We were intrigued and our guest, whom we will call 'Maria' without being preachy or sententious, fielded our questions impressively. The whole experience, it seems, of children in such a school is one where the child's true interests are focussed on and nurtured while the child remains interested in them and until the child wants to move on, not the teacher.

A recipe for disaster, you may think, but this is a school which has consistently been given top marks on inspection and whose children when moving on to secondary schools or higher education achieve high standards and are seen as well-rounded a extremely literate and confident young people.

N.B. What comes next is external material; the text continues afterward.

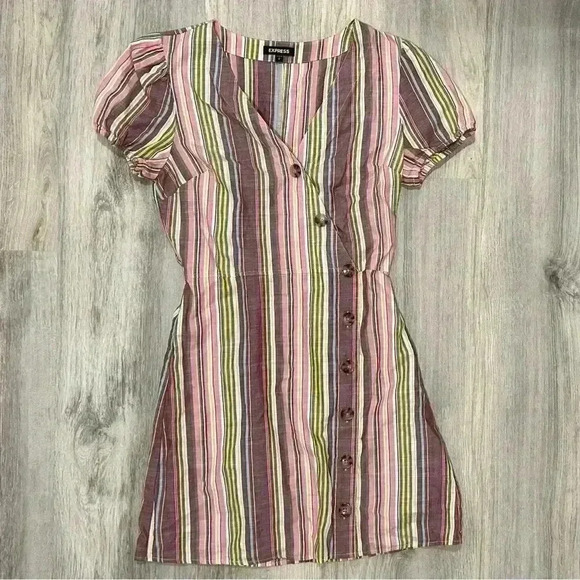Express Short Sleeve Mini Dress Striped Button Front V-Neck 100% Cotton Size S - Picture 1 of 8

This was a dinner party, not a press conference, and so we didn't linger too long on the topic but, having spent an evening with 'Maria' we were very impressed and both felt that we wanted to be whisked back 50 years in a time machine and implore our parents to get us into such a school. Simplistic? Possibly. However I have no doubt that there are many children for whom mainstream schooling is anathema and for whom this alternative would be a lifesaver, giving them a touchstone, some bedrock for their self esteem and confidence for the rest of their lives.

Our friend's school is clearly run on a modest budget but amazingly there are many volunteers, some of them professional people, giving expert help, support and guidance, for nothing, simply because of their belief in the project.

It was uplifting to hear such a hopeful message on a cold January evening as we extricate ourselves from another winter.

In our next lifetime, that's where we're heading!